2023-07-26 –, 32-123
The parquet tabular data storage format has become one of the most ubiquitous, particularly in "big data" contexts where it is arguably the only binary format to successfully supplant CSV. Despite this, there are relatively few implementations of parquet, which, historically, has presented challenges for Julia. I will give a brief overview of Parquet2.jl, a pure Julia parquet implementation including comparison to other tools and formats and what is still needed to reach parity with pyarrow.
We will touch on the following:
- Why did I write Parquet2.jl when Parquet.jl already existed?
- Extremely quick overview of features.
- Answering the often asked question: which format should I use?
- A very brief mention of some idiosyncrasies of the format, some challenges of testing against the JVM implementation and why edge cases pop up.

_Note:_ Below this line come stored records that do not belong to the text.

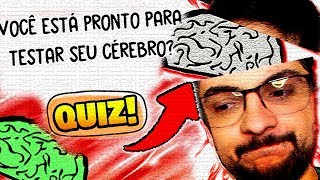 Teste seu Cérebro  Casal De Nerd [upl. by English]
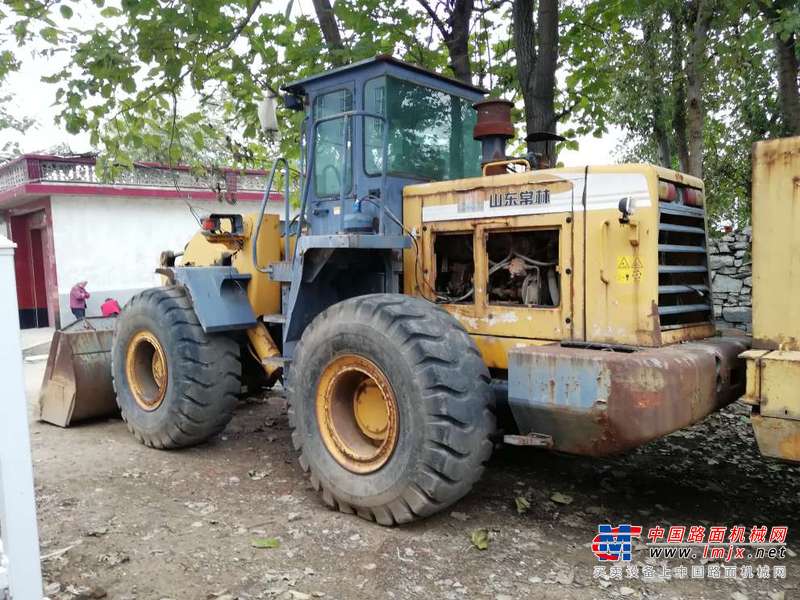 山东出售转让二手4100小时2008年山东常林CL951装载机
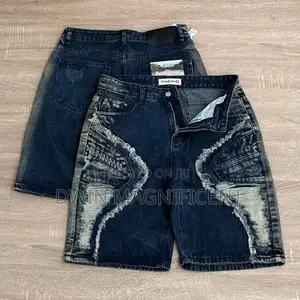 Heavy Designer Jeans Shorts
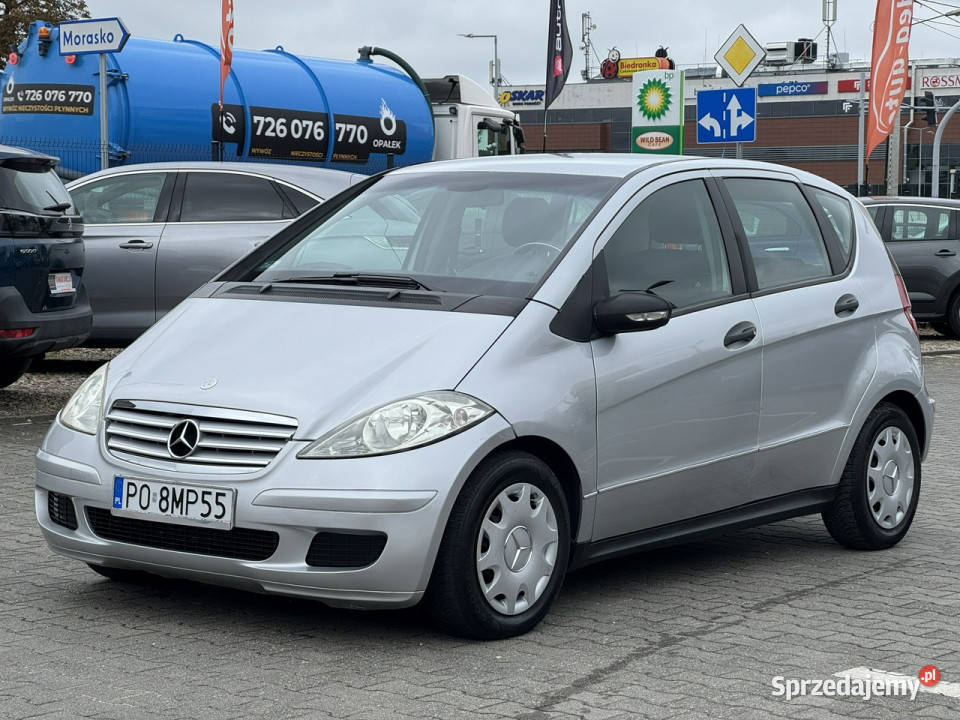 Mercedes A 180 FILMZarejestrowany w Polsce W169 Mercedes-Benz wielkopolskie Suchy Las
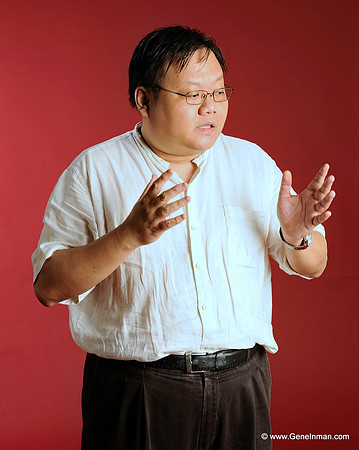 Studio Lighting Test
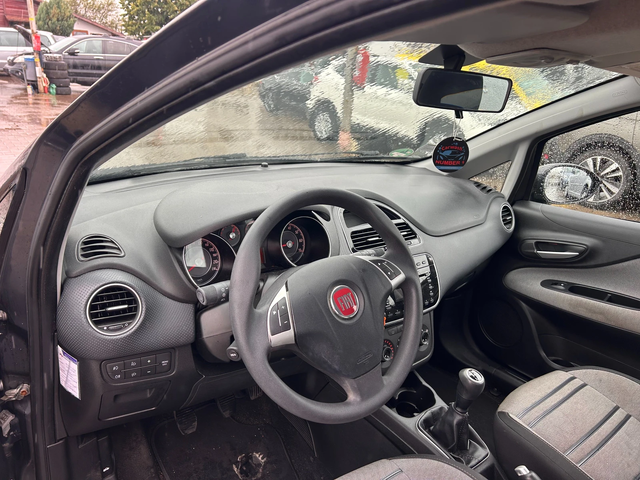 Fiat Punto EVO 1.3MJET EURO 5 - автомобили, коли, обяви за нови и употребявани 10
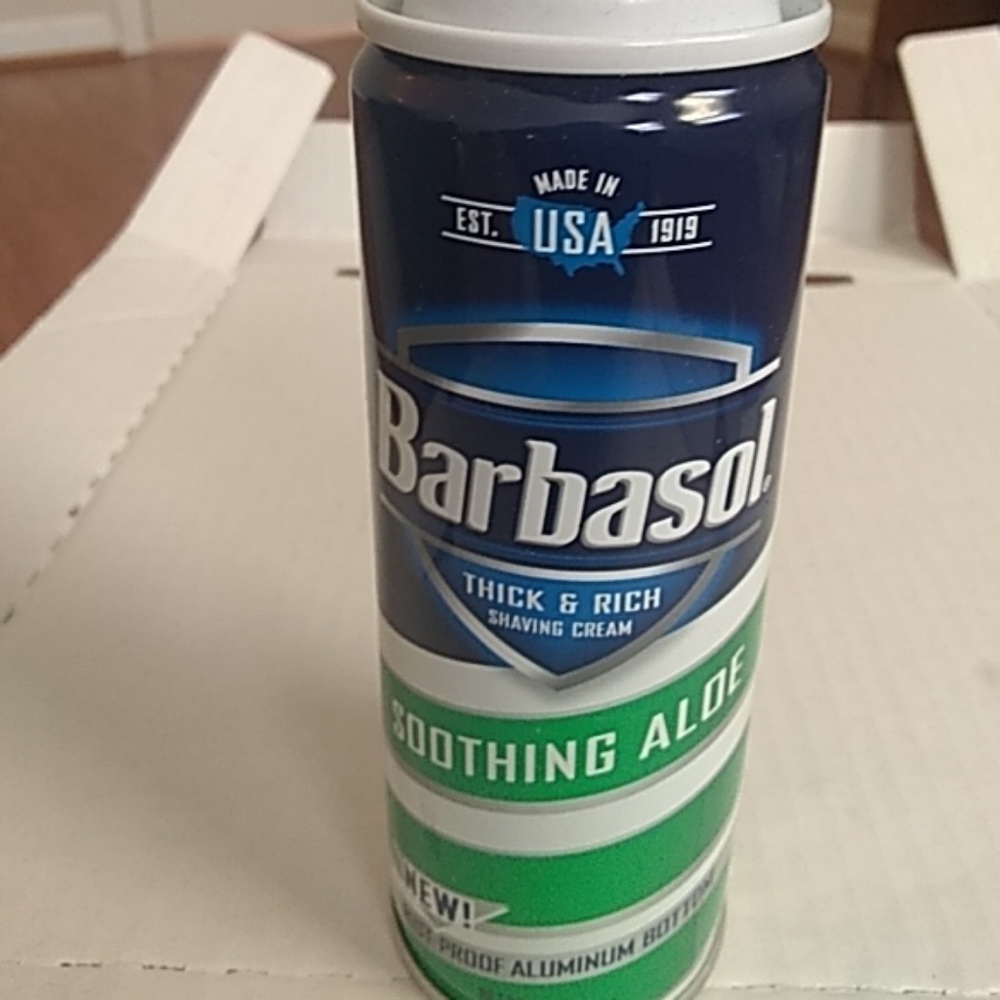 Shaving cream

- What features are missing? How far is this from parity with the pyarrow
implementation?
My educational background is in both experimental and theoretical high energy physics. My initial programming experience mostly centered around scientific/numerical computing in C++ and fortran. Since receiving my PhD I have been working as a data scientist, and have been using Julia primarily both in and outside my job for almost 7 years. My recent programming experiences have involved both convex and non-convex optimization, including large-scale mixed integer conic programming, as well as machine learning and statistics. My interest in Julia and other new languages such as zig
, as well as my enthusiasm for the broader Linux ecosystem has also caused me to spend a lot of time with serialization, IPC and network protocols. I also enjoy video games which has led me to watch projects around gaming on Linux, and as a guitar player I'm also interested in audio.